■ **EXERCISE DATA**
● ● ● ● ● ● ●

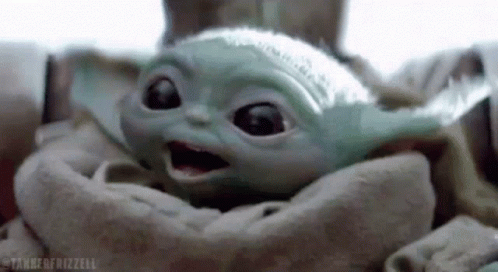 A Baby Yoda Is Sitting In A Blanket And Looking At The Camera . GIF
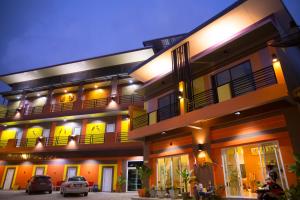 a building with cars parked in front of it at The Boat House in Ranong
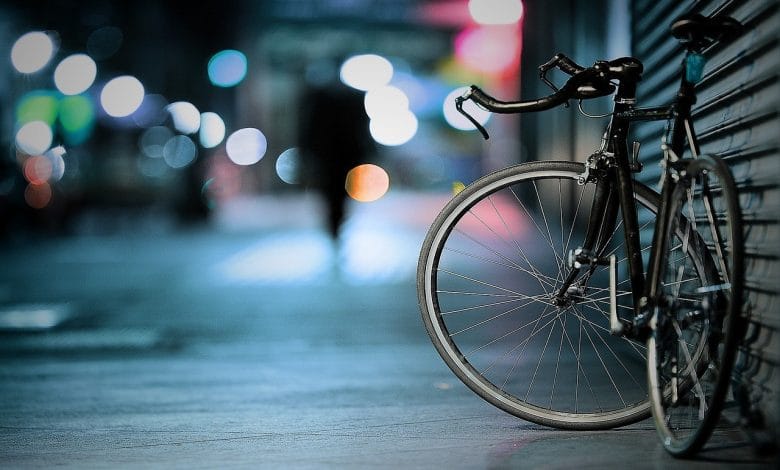 un foto di una bici appoggiata su una saracinesca, in un contesto urbano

● ● ● ● ● ● ●

■ **ASSIGNED TASK**
Your reply should consist solely of the lines from the one containing "a building with" through the last line of the material, reproduced exactly and without pictures.

■ **RESPONSE AREA**
 a building with cars parked in front of it at The Boat House in Ranong
 un foto di una bici appoggiata su una saracinesca, in un contesto urbano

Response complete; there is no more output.